Report: Over 60 million online engagements linking COVID-19 with Holocaust

Ahead of International Holocaust Remembrance Day, the Combat Antisemitism Movement (CAM) released a comprehensive internet monitoring data report revealing the scope of the rising trend of Holocaust trivialization – including comparisons of the Nazi genocide to the COVID-19 pandemic.

The study, conducted by Buzzilla, an online and social media monitoring agency, scanned online content over a two-year period (January 2020-December 2021) from social media platforms such as Facebook, Twitter, Instagram, and YouTube, as well as other news websites, forums and blogs, and user comments on media portals, in six languages, including English, Spanish, French, Italian, Arabic and Hebrew.

A full summary of the report is available for downloading here.

A database of Holocaust trivialization incidents since the summer of 2021 monitored by CAM can be viewed here.

By isolating specific word combinations, the scanning identified more than 60 million online engagements (posts, comments, reactions, shares) in which the Holocaust and the COVID-19 pandemic were tied together, with a vast majority, nearly 57 million, taking place in English. Hebrew was second place with 2.6 million engagements, and Spanish third with 2.1 million engagements.

The data was compiled as part of CAM’s global campaign against Holocaust trivialization, in partnership with the International March of the Living.
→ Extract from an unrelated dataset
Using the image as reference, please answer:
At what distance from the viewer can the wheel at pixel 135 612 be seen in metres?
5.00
The report was released a few days before the United Nations General Assembly is set to vote on a historic resolution against Holocaust denial, formulated by Israel’s Permanent Representative to the United Nations Ambassador Gilad Erdan, which will also focus on the need for online and social media companies to curtail distortions of the Holocaust.
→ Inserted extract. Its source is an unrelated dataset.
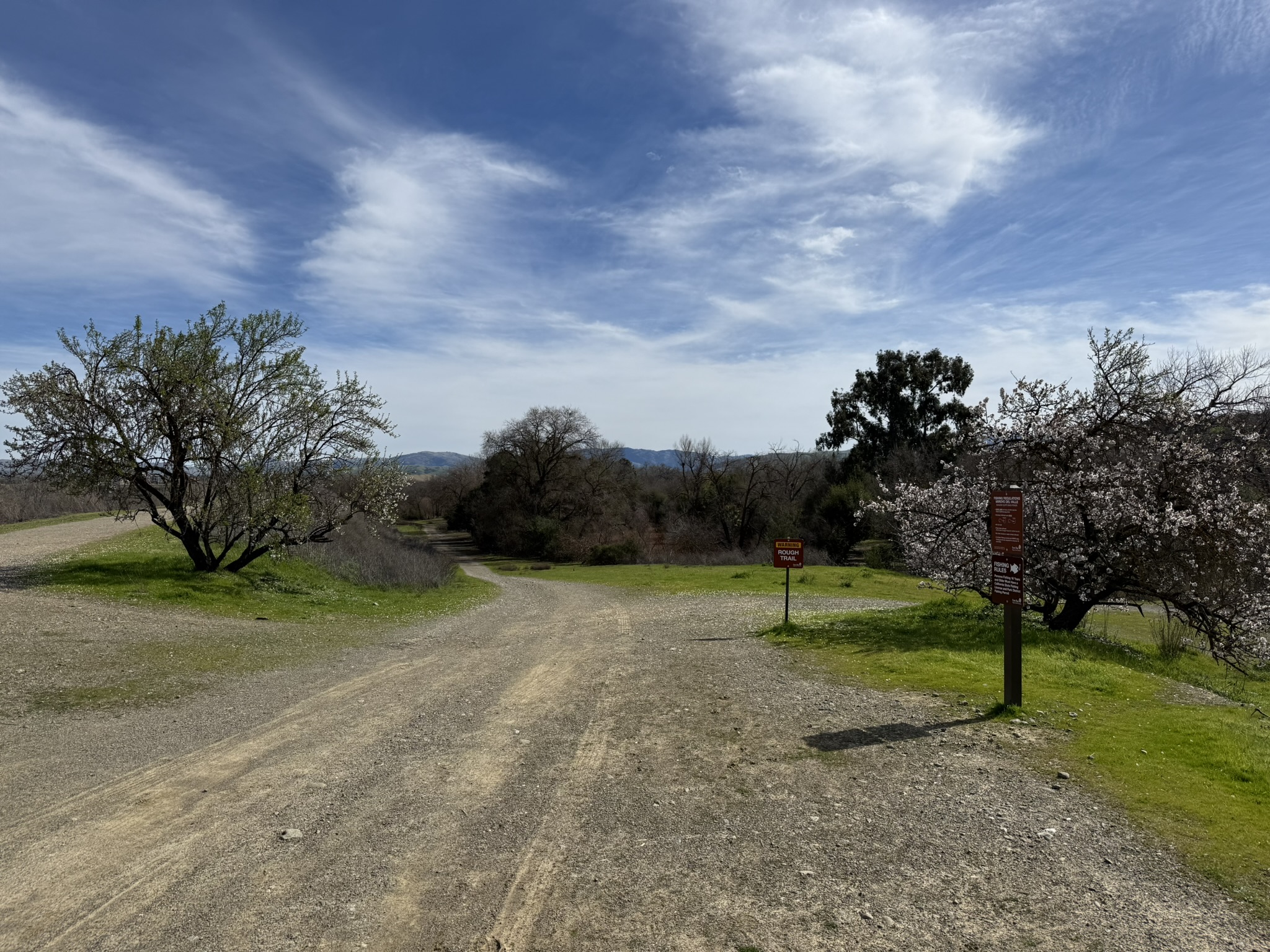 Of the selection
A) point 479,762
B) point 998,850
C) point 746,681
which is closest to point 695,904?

Over the last two years, Holocaust trivialization has become increasingly mainstream among many politicians, grassroots movements, in the media, and online, representing a distortion of history and a direct affront to the memory of the victims and the dignity of survivors. Often inflamed by politicians, yellow-star protesters are marching in the streets of their cities and showing up at school board and city council meetings across the world. Some have given Nazi salutes and shouted “Heil Hitler.”

Some of the more high-profile trivializations include politicians from across Europe, the US, and Israel making comparisons between pandemic restrictions and Nazi measures against Jews during the Holocaust; “Not Again” daubed on a Holocaust memorial in Germany together with an anti-vaccine sign; and the slogan, “Vaccination sets you free,” at a demonstration in Poland.